OSU abandoned the station in the '90s, tore down the surrounding pear orchards and, last week, put the property on the market, said Philip VanBuskirk, director of the Southern Oregon Research and Extension Center. The property was listed for $960,000.
The fire was reported at 11:26 a.m., and Medford Fire-Rescue crews arrived to find the one structure fully involved, said Battalion Chief Tom McGowan.
"With current conditions the way they are, our immediate concern was the surrounding area," McGowan said.
Although the building was engulfed in flames, crews "got a good knockdown," he said. Some flames spread to grass and brush, but were quickly stopped.
About 16 firefighters helped to battle the blaze using two brush rigs, three engines and one tender. Because of the remote location of the structure, crews had to lay down about 1,800 feet of hose to reach the nearest fire hydrant, which had the capacity to pump between 1,000 and 1,500 gallons of water per minute.
"We already had a reduced water source plus we had an extended hose lay, which resulted in a lower volume at the nozzle," Metheny said.

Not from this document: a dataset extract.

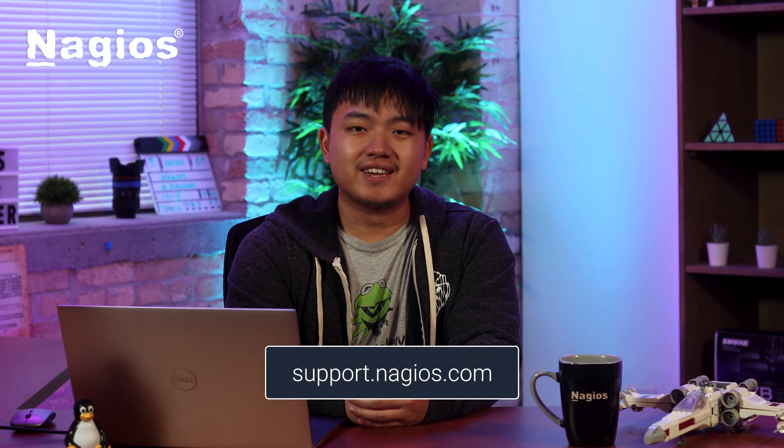Now you know a little bit more on host and service details. Hopefully you've enjoyed this video and if you did, make sure you leave a like and subscribe. For any questions or assistance, visit support.nagios.com. And until next time, take care and keep monitoring.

The building was a total loss, but "probably wasn't worth much because it was old and abandoned," VanBuskirk said.
A small crew of firefighters remained on the scene late into the day to monitor hot spots that continued to flare up in the basement, making the building unsafe for investigators to enter.
Although the abandoned buildings were boarded up years ago, neighbors said transients and young kids frequently hang out there.
Dan Kirkland, who lives nearby, said he's been chasing "mischievous people" off the property for the past 40 -plus years, back when it was a pear orchard and his sons would light the smudge pots.
"I'm kind of like the warden around here," he said. "Kids come down here with their (four-wheelers) to run through the mud every once in a while, and there's been drug parties. But it's pretty well contained now that kids know the old man on the street will go out there and chase them away."
Kirkland said neighbors told him they saw some young people hanging around the station early on Wednesday.
"There are (no-) trespassing signs all over the place, but it doesn't matter," VanBuskirk said. "Old buildings like that are just a problem for people."